By Danielle Cater
North Jefferson News
Would you be classified as an encourager or a discourager? This past weekend, I was reminded of what a difference our input has on those around us. Your actions and comments have a heavy bearing on the people around you whether you realize it or not.
Just think of the high school student who is full of excitement to tell their teacher of their decision to follow their example and become a teacher themselves. They approach the conversation with fire in their eyes as they dream of filling the minds of their own students one day. Then the teacher snarkily remarks, “Well, I hope you don’t like making money then.”
That conversation could have a life changing influence on that student. Our reaction to others effects them.
I’ve noticed in the past couple of months that people’s reactions can weigh heavy on your mind even if you don’t care to think about it. Your thoughts matter to those closest to you, so be careful about how you react and display your innermost feelings.
We have the power to encourage those around us to do great things, or we have the power to pour water all over their fire and vigor and leave them feeling stupid and useless to accomplish what they had in their heart to do.
A little word of encouragement may be all that your child needs in order to be better at baseball, but if you are constantly letting them know what they did wrong on every play, they may never want to try to get better.
Use positive reinforcement and see if that doesn’t make a difference, not only in the child, but also in your relationship with him or her. This could also be applied to our work relationships. Think of the employees who have an idea to improve company sales. When they pitch the idea to the boss, they have the power to give them the tools to make the idea take off and see what happens, or they can discourage the employees and make them feel like they wasted their time to even bring the idea up. When we feel like we can’t do anything good to better our circumstances, we get in a rut and that leads to unhappy employees and disgruntled individuals.
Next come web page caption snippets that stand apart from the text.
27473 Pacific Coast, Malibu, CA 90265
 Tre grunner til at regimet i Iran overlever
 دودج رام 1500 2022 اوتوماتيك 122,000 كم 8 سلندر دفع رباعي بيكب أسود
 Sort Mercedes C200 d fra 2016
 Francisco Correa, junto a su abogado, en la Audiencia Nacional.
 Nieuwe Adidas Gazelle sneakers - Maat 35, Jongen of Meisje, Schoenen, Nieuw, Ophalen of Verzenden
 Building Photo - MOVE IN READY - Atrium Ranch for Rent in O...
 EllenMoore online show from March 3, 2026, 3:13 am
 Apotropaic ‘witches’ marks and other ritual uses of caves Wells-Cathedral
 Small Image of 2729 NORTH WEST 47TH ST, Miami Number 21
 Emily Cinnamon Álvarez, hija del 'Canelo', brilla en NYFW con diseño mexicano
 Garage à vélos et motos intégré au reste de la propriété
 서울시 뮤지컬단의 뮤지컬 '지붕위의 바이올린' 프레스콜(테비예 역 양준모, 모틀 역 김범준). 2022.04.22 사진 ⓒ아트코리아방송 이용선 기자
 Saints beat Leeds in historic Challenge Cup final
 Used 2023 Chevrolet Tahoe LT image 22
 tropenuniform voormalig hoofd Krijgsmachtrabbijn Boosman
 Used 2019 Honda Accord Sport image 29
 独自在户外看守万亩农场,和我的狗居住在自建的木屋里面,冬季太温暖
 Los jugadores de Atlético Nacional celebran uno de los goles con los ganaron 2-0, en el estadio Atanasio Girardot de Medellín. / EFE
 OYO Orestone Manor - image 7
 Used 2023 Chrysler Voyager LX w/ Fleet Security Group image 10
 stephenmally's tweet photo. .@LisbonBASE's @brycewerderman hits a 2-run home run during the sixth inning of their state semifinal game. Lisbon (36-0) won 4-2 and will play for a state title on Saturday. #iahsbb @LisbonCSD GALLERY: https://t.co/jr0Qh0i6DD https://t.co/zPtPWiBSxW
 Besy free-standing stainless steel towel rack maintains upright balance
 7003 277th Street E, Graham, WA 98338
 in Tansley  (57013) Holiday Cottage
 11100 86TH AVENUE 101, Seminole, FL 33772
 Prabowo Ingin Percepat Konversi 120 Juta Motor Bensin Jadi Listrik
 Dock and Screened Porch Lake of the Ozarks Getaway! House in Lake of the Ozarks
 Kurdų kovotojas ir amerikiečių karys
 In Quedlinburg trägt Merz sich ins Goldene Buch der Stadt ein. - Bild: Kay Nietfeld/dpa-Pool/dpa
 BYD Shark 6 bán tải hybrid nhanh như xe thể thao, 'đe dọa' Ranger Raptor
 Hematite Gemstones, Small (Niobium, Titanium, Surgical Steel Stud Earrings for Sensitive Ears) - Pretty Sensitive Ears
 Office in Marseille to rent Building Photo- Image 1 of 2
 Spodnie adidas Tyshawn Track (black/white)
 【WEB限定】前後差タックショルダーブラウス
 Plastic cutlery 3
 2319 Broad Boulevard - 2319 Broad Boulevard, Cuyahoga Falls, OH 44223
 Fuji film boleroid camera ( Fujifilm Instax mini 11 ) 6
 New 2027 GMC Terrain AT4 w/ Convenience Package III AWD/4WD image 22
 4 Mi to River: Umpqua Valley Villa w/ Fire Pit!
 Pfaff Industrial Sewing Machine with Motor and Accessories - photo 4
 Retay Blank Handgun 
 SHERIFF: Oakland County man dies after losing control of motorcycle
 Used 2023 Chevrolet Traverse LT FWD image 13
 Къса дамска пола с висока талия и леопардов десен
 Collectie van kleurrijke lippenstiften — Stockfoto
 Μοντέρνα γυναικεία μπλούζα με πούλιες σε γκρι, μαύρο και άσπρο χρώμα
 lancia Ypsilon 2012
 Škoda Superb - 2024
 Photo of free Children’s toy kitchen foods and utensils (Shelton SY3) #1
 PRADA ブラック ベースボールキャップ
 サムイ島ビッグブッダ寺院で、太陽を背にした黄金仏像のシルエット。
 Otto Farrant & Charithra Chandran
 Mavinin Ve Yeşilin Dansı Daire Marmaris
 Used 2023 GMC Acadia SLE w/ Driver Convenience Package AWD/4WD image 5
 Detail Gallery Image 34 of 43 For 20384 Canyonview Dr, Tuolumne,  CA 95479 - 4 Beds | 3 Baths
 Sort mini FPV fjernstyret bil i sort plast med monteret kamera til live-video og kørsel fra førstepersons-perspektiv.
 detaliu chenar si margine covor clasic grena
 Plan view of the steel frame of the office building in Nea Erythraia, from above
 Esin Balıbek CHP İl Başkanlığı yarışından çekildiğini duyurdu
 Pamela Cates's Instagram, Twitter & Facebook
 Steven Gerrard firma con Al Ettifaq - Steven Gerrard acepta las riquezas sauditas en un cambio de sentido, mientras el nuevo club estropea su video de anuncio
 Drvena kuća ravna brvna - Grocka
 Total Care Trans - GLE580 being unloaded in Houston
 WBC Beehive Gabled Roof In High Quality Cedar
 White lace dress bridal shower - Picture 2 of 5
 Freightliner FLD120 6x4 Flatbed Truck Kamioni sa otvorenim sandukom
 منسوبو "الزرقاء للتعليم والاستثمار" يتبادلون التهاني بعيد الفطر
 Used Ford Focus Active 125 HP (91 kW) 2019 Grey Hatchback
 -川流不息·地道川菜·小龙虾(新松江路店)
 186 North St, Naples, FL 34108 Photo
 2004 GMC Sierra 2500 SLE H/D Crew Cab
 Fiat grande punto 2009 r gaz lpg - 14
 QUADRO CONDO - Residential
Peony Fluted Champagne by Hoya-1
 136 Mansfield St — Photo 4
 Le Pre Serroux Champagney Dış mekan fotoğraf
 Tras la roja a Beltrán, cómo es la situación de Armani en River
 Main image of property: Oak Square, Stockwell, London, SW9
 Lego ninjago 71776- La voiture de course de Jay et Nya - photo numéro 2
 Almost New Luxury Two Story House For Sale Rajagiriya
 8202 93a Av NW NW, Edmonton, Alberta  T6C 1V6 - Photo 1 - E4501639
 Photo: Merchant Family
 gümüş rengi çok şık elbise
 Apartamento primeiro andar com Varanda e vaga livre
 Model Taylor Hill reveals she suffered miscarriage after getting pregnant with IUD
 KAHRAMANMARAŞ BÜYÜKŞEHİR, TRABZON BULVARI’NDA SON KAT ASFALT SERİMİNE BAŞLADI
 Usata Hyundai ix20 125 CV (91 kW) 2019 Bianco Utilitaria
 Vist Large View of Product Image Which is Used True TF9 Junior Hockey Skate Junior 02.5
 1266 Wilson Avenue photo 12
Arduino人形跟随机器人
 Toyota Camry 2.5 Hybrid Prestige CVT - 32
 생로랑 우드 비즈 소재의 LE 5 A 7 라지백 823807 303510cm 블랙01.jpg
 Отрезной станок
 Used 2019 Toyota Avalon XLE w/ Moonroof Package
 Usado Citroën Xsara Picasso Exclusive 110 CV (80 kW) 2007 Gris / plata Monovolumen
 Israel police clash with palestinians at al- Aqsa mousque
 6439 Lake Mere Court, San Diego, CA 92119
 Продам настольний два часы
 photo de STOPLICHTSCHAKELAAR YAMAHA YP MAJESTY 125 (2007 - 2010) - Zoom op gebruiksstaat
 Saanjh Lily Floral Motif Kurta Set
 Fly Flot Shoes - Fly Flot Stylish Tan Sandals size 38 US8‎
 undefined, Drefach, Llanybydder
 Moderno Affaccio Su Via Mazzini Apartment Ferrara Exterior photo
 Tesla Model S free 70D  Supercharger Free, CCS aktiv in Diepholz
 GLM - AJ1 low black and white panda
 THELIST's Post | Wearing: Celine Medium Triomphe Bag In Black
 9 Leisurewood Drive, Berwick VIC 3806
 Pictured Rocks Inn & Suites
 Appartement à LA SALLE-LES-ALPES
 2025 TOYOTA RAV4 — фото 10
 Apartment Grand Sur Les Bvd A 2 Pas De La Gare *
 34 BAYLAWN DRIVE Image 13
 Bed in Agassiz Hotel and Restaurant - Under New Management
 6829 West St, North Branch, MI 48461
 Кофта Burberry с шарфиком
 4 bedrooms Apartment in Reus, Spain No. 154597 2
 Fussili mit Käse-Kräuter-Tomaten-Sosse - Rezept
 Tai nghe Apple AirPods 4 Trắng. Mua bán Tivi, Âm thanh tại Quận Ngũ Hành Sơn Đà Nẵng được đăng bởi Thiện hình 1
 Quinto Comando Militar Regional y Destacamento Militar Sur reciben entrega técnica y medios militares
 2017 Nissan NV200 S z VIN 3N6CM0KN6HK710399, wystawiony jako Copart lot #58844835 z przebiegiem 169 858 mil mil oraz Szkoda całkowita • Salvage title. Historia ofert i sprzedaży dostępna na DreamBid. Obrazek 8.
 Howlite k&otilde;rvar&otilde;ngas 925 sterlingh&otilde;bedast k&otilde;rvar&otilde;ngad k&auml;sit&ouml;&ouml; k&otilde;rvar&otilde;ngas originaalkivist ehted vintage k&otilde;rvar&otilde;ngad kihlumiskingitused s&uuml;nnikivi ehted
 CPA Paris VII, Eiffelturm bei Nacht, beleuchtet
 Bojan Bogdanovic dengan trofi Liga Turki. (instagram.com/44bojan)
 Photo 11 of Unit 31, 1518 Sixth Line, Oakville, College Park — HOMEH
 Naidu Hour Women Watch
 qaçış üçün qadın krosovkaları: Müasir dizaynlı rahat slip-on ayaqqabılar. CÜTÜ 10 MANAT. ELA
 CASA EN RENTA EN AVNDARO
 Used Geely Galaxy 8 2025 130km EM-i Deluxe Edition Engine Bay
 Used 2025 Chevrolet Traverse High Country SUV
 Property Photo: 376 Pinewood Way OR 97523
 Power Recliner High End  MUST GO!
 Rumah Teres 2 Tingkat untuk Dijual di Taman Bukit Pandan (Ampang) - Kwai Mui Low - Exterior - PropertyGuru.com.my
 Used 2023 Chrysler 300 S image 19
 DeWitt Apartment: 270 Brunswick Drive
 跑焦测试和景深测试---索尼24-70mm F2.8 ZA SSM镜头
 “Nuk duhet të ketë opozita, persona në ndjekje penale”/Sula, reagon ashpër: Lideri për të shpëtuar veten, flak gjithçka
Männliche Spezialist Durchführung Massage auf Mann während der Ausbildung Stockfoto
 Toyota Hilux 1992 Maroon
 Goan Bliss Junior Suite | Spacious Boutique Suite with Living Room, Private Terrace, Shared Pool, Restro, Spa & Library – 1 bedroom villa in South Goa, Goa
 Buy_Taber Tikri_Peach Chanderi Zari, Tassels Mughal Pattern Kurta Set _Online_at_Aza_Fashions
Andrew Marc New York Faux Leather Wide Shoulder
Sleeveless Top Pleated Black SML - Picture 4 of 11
This principle could also apply to married couples. Think of the newly engaged couple who wants nothing more than to just be together. They hold hands and steal every kiss they can sneak in. They think of each other throughout the day and anxiously await their date nights together. When you see them, you can either congratulate them on the happiness that they have found, or you can say things like, “Well, that will wear off soon.” or “Just wait until the honeymoon is over.” What good does it do to try to discourage people?
If someone has discouraged you lately, use it as an opportunity to prove them wrong. Student, keep your excitement and get that teaching degree. Child, practice hard so that you can be MVP next year in baseball. Employee, keep coming up with new and innovative ideas, and engaged couple, keep the honeymoon going past the fiftieth anniversary. Instead of letting nay-sayers throw water on your fire, use it as gasoline to fan the flames.